_What is being asked_: Both the line with "KANVOOS Cover per" and the line with "Fashion Men Stainless" in the records below must appear in the output, along with every line between them, exactly and with nothing added.

Short web captions
____
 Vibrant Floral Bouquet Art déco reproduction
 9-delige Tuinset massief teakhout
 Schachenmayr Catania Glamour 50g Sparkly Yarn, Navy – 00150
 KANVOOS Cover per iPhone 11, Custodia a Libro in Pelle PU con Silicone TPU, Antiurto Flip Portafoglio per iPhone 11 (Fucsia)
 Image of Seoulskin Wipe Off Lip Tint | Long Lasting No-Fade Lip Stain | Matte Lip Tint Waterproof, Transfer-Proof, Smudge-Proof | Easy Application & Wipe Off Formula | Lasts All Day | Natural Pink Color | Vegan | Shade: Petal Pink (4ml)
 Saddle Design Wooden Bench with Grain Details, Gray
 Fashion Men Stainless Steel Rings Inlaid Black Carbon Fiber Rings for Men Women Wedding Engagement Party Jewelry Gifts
____
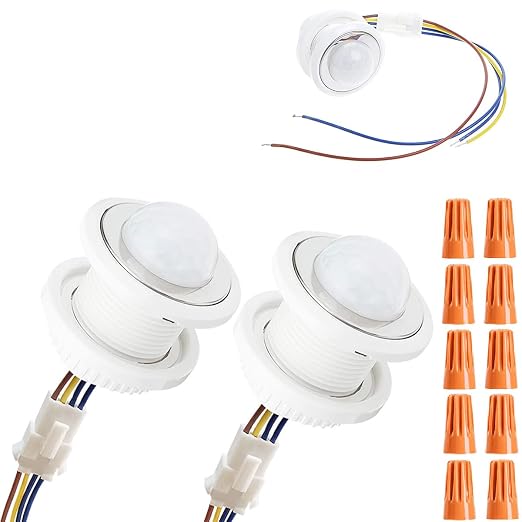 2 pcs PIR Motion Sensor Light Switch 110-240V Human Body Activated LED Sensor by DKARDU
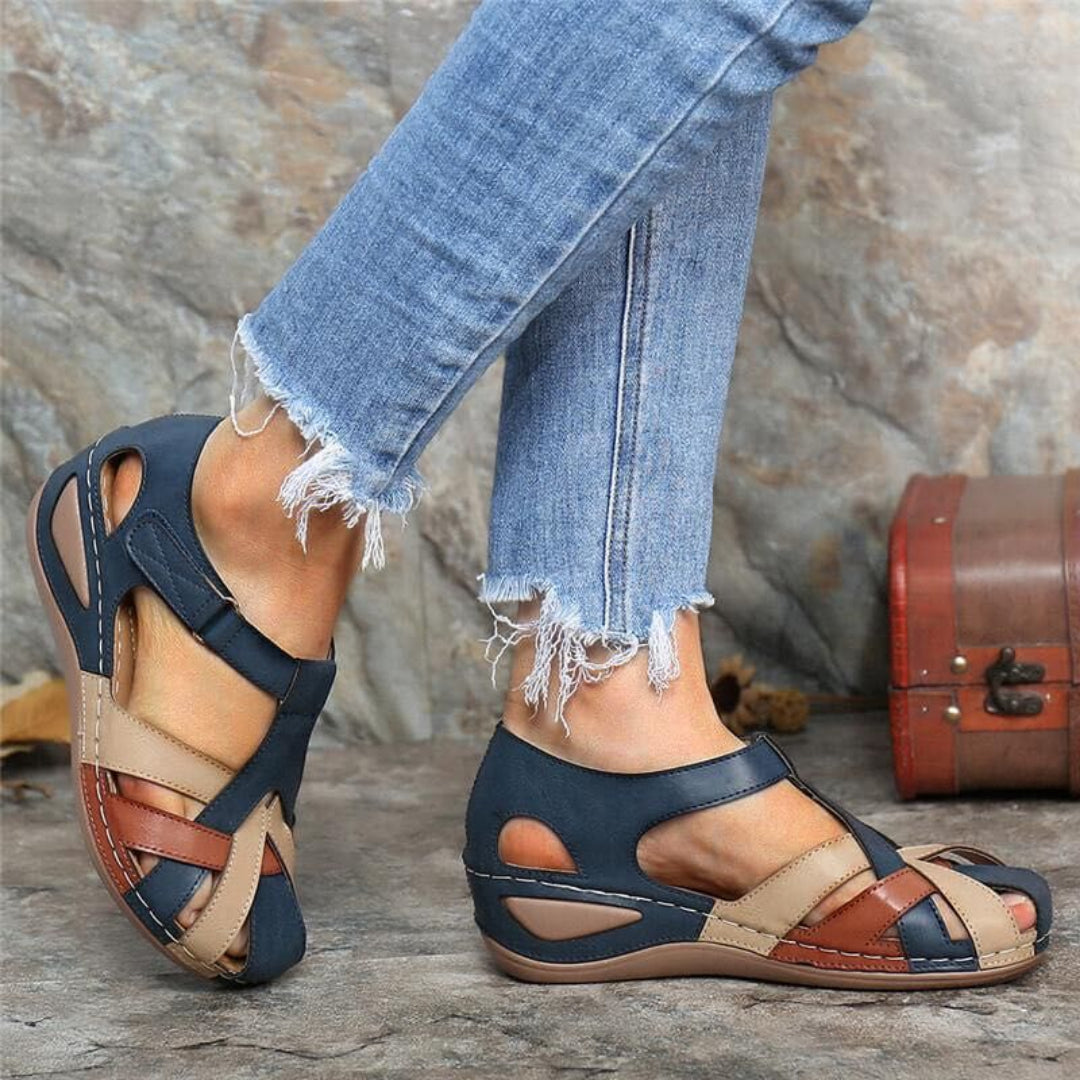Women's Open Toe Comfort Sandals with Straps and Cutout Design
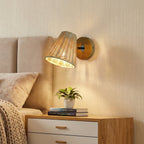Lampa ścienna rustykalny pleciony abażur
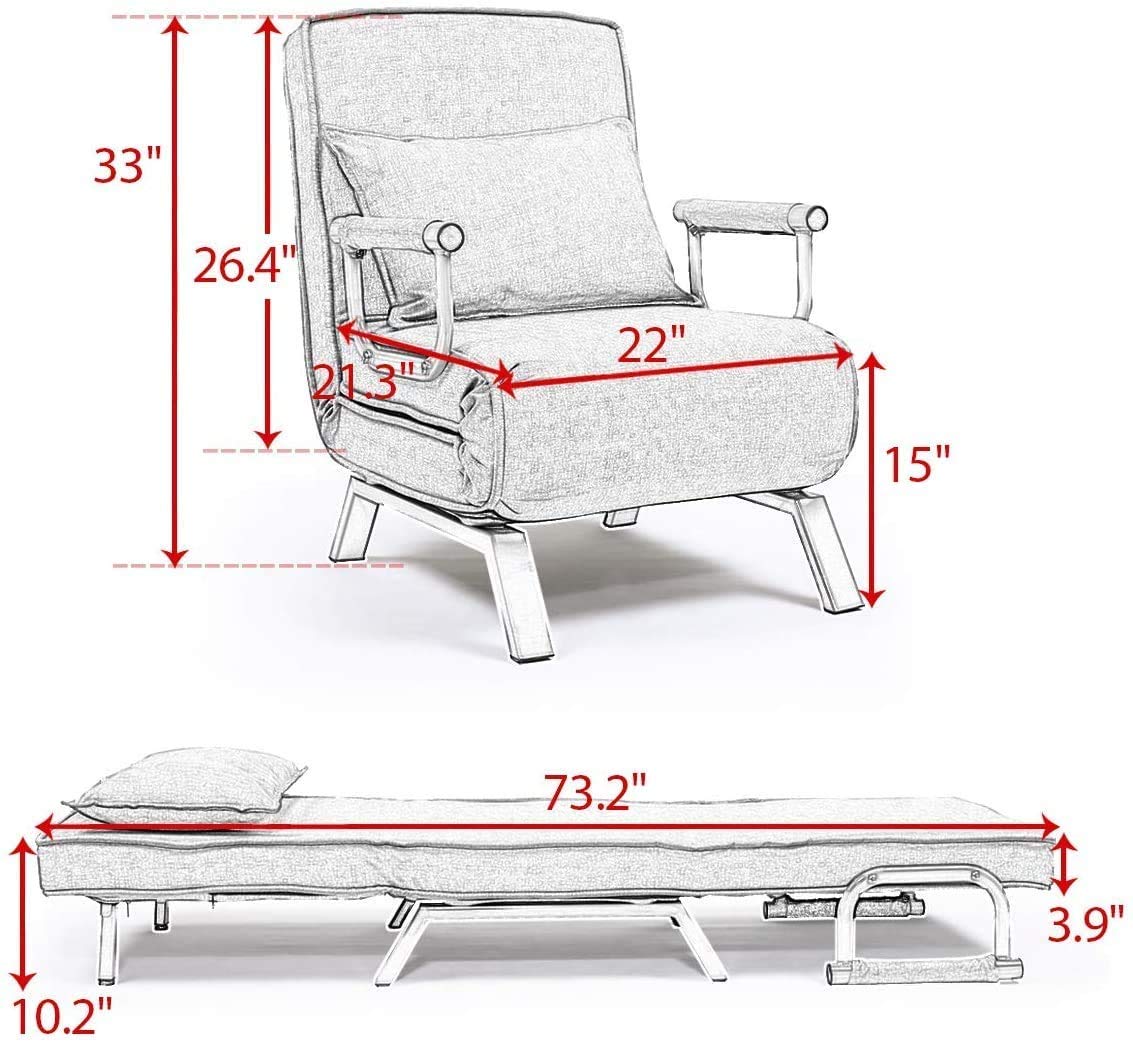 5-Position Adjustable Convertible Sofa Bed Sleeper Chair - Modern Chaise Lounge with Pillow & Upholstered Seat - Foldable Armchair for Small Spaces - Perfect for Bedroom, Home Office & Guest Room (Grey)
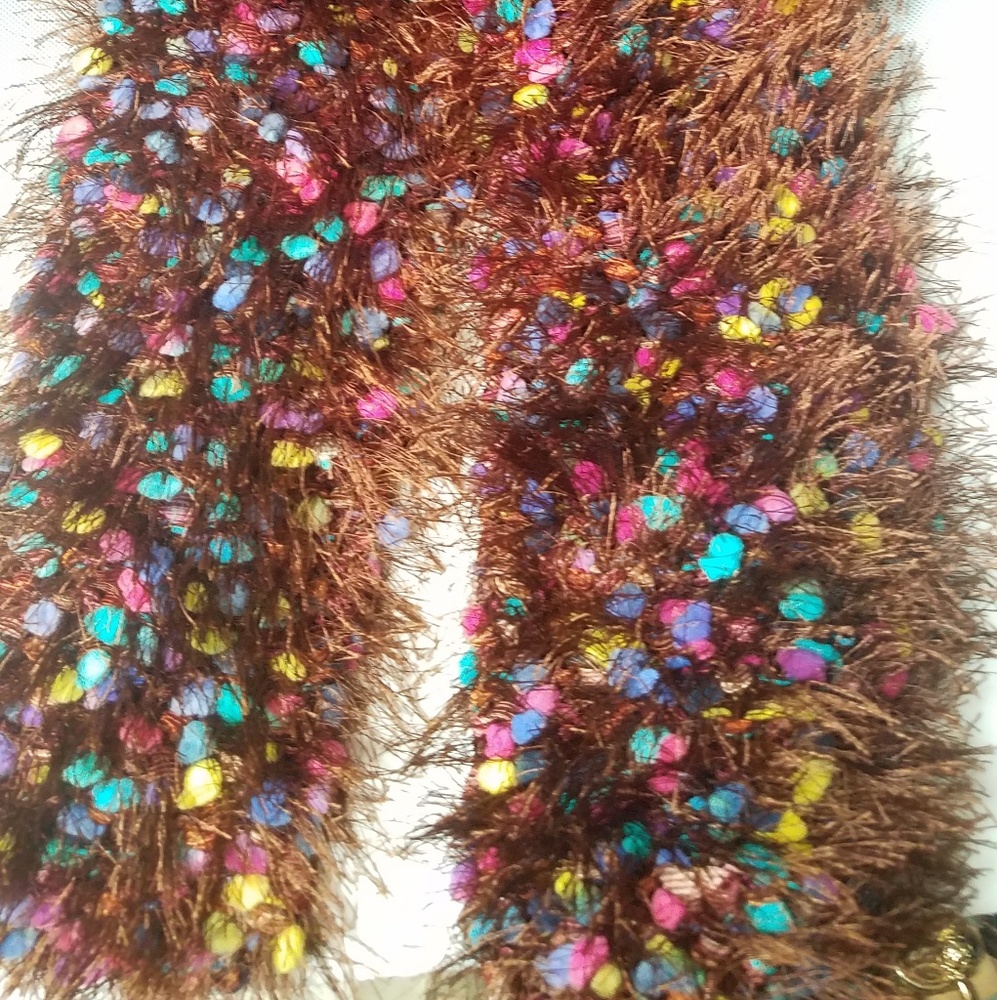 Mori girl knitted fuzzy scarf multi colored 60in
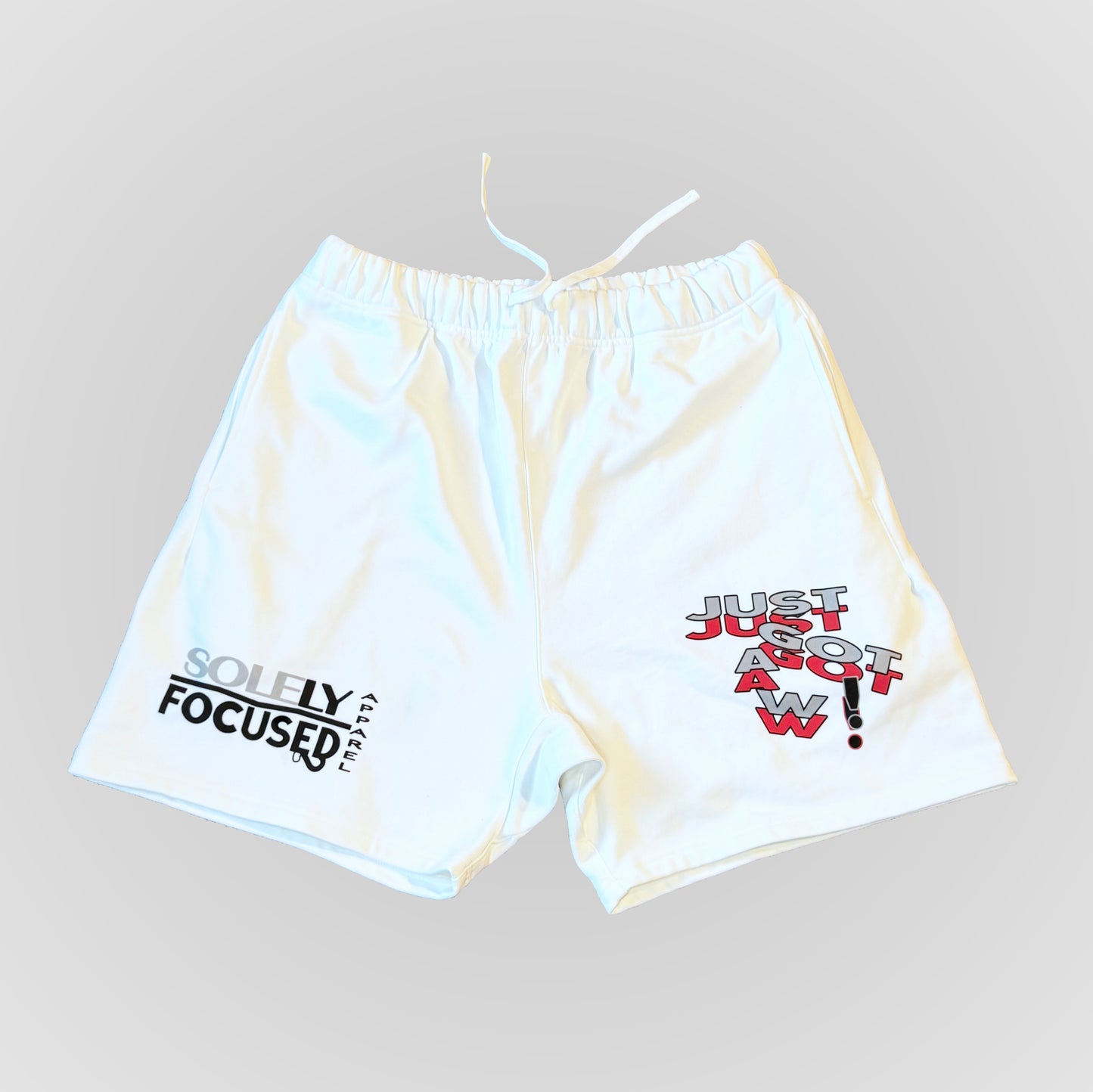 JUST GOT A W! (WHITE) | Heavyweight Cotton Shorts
____
_Response to the task_:
 KANVOOS Cover per iPhone 11, Custodia a Libro in Pelle PU con Silicone TPU, Antiurto Flip Portafoglio per iPhone 11 (Fucsia)
 Image of Seoulskin Wipe Off Lip Tint | Long Lasting No-Fade Lip Stain | Matte Lip Tint Waterproof, Transfer-Proof, Smudge-Proof | Easy Application & Wipe Off Formula | Lasts All Day | Natural Pink Color | Vegan | Shade: Petal Pink (4ml)
 Saddle Design Wooden Bench with Grain Details, Gray
 Fashion Men Stainless Steel Rings Inlaid Black Carbon Fiber Rings for Men Women Wedding Engagement Party Jewelry Gifts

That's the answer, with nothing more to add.